# Tin Boats Biggest Loser



## alumacraftjoe (Jan 2, 2008)

I'm in .... I am going to start in the morning!


----------



## Jim (Jan 2, 2008)

Im In, Already dropped 35#'s since Oct 22.


----------



## alumacraftjoe (Jan 2, 2008)

Starting weight this am - 245

Goal weight - 175

Want to do this by Thanksgiving 08.

Started the diet this morning and was going to get out and run this morning, but it snowed last night and was 9 degrees so I decided to stay in the garage and work on a trailer instead.


----------



## alumacraftjoe (Jan 7, 2008)

Alright one week in the books. Weighed in this morning at 237. I am sticking with the diet and I already feel a lot better. I am also going to start the beginning running program this evening. Hopefully with that program I can stick with it.


----------



## Jim (Jan 7, 2008)

I weighed myself this morning.....272.3 

Im big boned and very muscular :shock: 

Seriously I think I started this when I was 310-315. The daily plate is kicking ass because I dont feel like Im dieting at all. Just not going over my calorie count. I set it up to only lose 2 pounds a week, and Im averaging 3-4.


----------



## Jim (Jan 7, 2008)

Fishin NJ said:


> Jim you doing any walking? Track those miles.



I did this morning, Will upload tonight. Not much, but a start.


----------



## Zman (Jan 8, 2008)

Are you guys following and special diets or meal plans?


----------



## Jim (Jan 8, 2008)

Zman said:


> Are you guys following and special diets or meal plans?



Zman, I am not. I found a website called thedailyplate.com. I put in my info, and chose that I wanted to lose 2 pounds a week. IT comes up with a calorie amount per day, and I do not exceed it. You can track all your foods, there database is huge! You can even add your own items. I have been eating whatever I want and I have dropped close to 40 pounds already. I had cheeseburgers, pizza, cookies. The secret is to track the calories faithfully everyday (PITA) but as long as you do not exceed, it works. 

When I started this Oct 22, 2007 I could eat 2300+ calories a day. Now Im down to 2165. 

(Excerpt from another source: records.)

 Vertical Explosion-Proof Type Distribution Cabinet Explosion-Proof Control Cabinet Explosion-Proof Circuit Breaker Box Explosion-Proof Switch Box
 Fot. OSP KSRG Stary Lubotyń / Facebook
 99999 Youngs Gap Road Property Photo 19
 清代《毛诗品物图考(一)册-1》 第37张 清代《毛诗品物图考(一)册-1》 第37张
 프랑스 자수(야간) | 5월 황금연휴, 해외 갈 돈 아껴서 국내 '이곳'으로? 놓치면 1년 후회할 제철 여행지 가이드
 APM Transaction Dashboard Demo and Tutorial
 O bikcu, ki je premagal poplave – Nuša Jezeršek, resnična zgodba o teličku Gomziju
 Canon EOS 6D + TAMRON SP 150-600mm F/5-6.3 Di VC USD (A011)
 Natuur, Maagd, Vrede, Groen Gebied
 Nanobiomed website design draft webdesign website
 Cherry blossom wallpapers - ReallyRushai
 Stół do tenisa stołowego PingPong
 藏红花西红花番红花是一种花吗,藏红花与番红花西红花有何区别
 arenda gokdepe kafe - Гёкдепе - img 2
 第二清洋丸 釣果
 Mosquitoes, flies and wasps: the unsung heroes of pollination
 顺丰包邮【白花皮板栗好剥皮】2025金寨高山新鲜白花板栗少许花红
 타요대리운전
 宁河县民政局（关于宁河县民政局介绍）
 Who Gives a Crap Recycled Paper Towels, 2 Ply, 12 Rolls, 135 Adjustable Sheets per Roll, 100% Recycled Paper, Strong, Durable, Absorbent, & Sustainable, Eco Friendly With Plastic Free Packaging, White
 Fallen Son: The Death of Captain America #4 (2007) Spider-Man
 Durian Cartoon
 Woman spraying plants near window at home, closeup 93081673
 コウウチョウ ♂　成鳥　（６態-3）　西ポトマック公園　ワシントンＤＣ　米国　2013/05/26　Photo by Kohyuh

Obviuosly the healthier the foods, the more you can eat, but this way I dont crave anything because I just eat it. IF you exercise You can track that too and then it adds on those calories so you can eat even more.

First time ever a "diet" has worked for me. Its just a numbers game. A calorie is a calorie is a calorie.


----------



## Zman (Jan 8, 2008)

Jim said:


> Zman said:
> 
> 
> > Are you guys following and special diets or meal plans?
> ...



Awesome tip man, I'm checking the site now.



Fishin NJ said:


> I am watching heavily what I eat. I stick to lean items, chicken, fish, good pork(once in a while). No soda, Not much juice, some OJ or apple juice in the morning. Other then that 3+ liters of water per day. I try to brake it down to 5 meals per day.



Thanks NJ, I've read some about 5-meal a day plans. Right now I eat two, a big lunch around 3 p.m. and dinner at 9. It's terrible, I know.


----------



## alumacraftjoe (Jan 8, 2008)

I am just trying to make more healthy choices and cut out all bread (it is my downfall). Main thing that is helping is eating less and eating dinner earlier in the evening and no late night snacks. I am trying to drink plenty of water throughout the day.


----------



## Zman (Jan 9, 2008)

Fishin NJ said:


> Zman feel free to join in, the more folks involved the better!! Post some stats up and enjoy the ride!!



Thanks, I think I'll be joining soon. Gotta get motivated first!


----------



## Jim (Jan 14, 2008)

Jim said:


> I weighed myself this morning.....272.3
> 
> Im big boned and very muscular :shock:
> 
> Seriously I think I started this when I was 310-315. The daily plate is kicking ass because I dont feel like Im dieting at all. Just not going over my calorie count. I set it up to only lose 2 pounds a week, and Im averaging 3-4.



No progress this week.  

Same weight......


----------



## alumacraftjoe (Jan 14, 2008)

Weighed in this morning. Down to 229. Have dropped 16 pounds so far and I feel great!


----------



## Jim (Jan 14, 2008)

alumacraftjoe said:


> Weighed in this morning. Down to 229. Have dropped 16 pounds so far and I feel great!




good job man!


----------



## Jim (Jan 20, 2008)

Weighed myself this morning because I will be leaving tonight.

Previous 272.3
This week Weight 268.8


Down from last week: 3.5 LBS.


Pretty psyched. \/


----------



## Captain Ahab (Jan 20, 2008)

Jim said:


> Weighed myself this morning because I will be leaving tonight.
> 
> Previous 272.3
> This week Weight 268.8
> ...



Damn Jim - you are gonna waste away to nothing. :shock: 

Do you feel the loss, I remember when I gained a bunch of weight and then lost it, after the 1st 5 -10lbs I could really feel a difference.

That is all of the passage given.